Y aurait t'il un moyen de les supprimer récursivement avant l'installation ?

A t'on le droit de créer une fonction spécifique dans l'ebuild pour effectuer cette tâche ?

J'ai edité mon précédent post, j'ai modifié légèrement l'ebuild :

 J'ai mis en commentaire la variable ECVS_CO_OPTS au profit de ECVS_BRANCH (cette fonctionnalité est prévue dans l'eclass).

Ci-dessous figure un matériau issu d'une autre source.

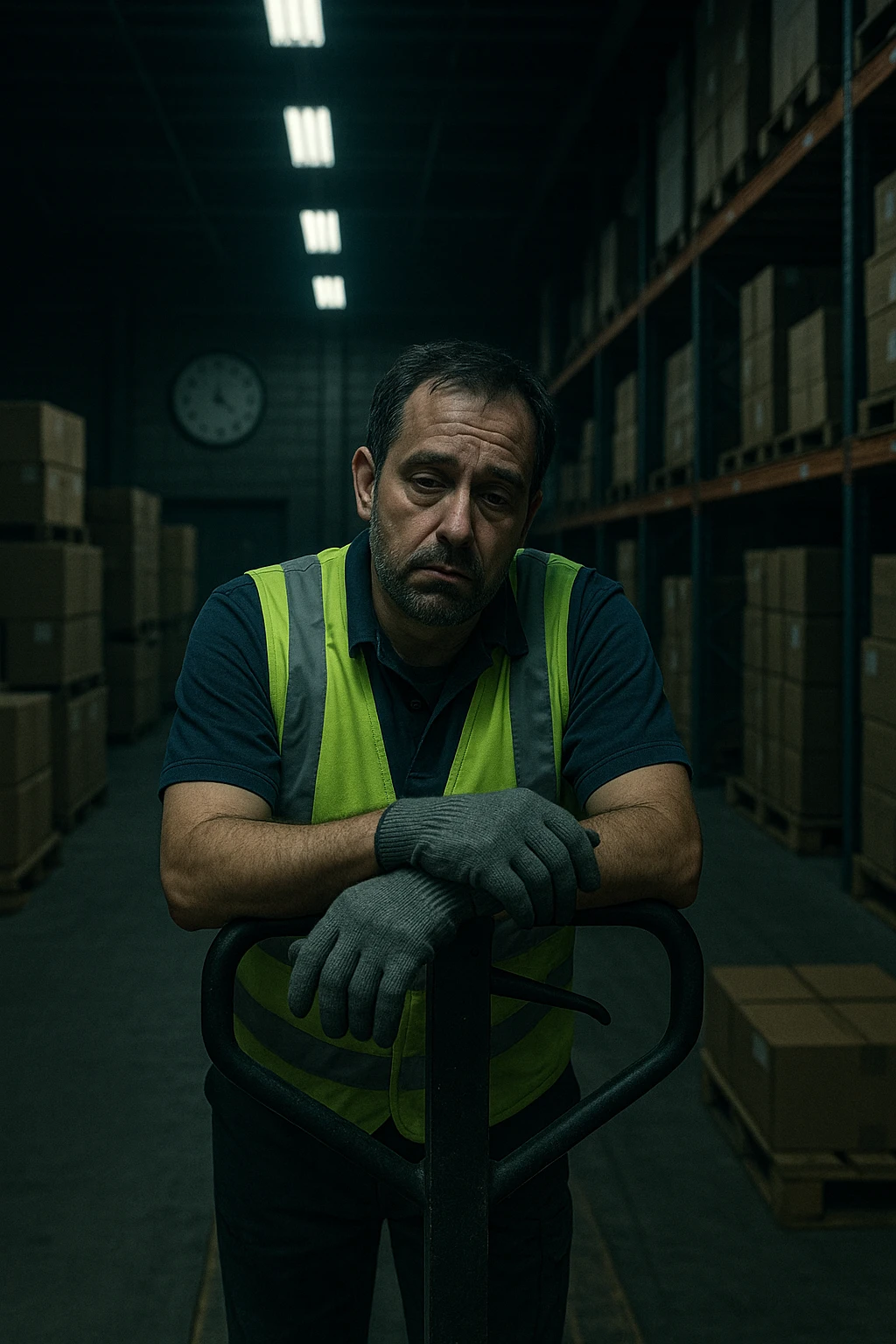 a tired warehouse worker in his 40s, wearing a reflective vest and work gloves, stands under harsh fluorescent lights in a large, dimly lit warehouse. He leans on a pallet jack, eyes heavy with fatigue and dark circles under them. Stacks of boxes and shelves loom in the background, and a wall clock shows it’s the middle of the night. The mood is somber and empathetic. emoji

 J'ai modifié le nom de l'icône du jeu (smw-cvs.ico vers smw.ico). Un détail.

----------

## geekounet

 *bibi.skuk wrote:*   

>  *pierreg wrote:*   Il suffit de convertir les icones nous-même et de les mettre dans files/ ... 
> 
> sauf que dans files, c'est uniquement des fichiers textes (patchs, scripts init...) de moins de 20ko, apres, c'est mirrors... donc pour l'icone => mirrors

 

Une icone au format PNG prend moins de 10ko, même pas ... et j'ai déjà vu des icones dans files/ pour certains ebuilds (je ne saurai pas donner d'exemple, je n'ai pas ma gentoo sous la main ...)

----------

## netfab

Bien vu :

 *Quote:*   

> 
> 
> $ locate ".png" | grep "/usr/portage" | grep -v distfiles
> 
> /usr/portage/www-client/mozilla-bin/files/mozilla-bin-icon.png
> ...

 

----------

## PabOu

 *pierreg wrote:*   

> et j'ai déjà vu des icones dans files/ pour certains ebuilds (je ne saurai pas donner d'exemple, je n'ai pas ma gentoo sous la main ...)

 

www-client/mozilla-bin/files/mozilla-bin-icon.png

www-client/mozilla/files/icon/mozilla-icon.png

www-client/mozilla-firefox/files/icon/firefox-icon.png

www-client/seamonkey/files/icon/seamonkey.png

www-client/mozilla-firefox-bin/files/icon/mozillafirefox-bin-icon.png

games-sports/billardgl/files/billardgl.png ?

games-strategy/freeciv/files/freeciv.png ?

----------

## Argian

 *pierreg wrote:*   

>  *bibi.skuk wrote:*    *pierreg wrote:*   Il suffit de convertir les icones nous-même et de les mettre dans files/ ... 
> 
> sauf que dans files, c'est uniquement des fichiers textes (patchs, scripts init...) de moins de 20ko, apres, c'est mirrors... donc pour l'icone => mirrors 
> 
> Une icone au format PNG prend moins de 10ko, même pas ... et j'ai déjà vu des icones dans files/ pour certains ebuilds (je ne saurai pas donner d'exemple, je n'ai pas ma gentoo sous la main ...)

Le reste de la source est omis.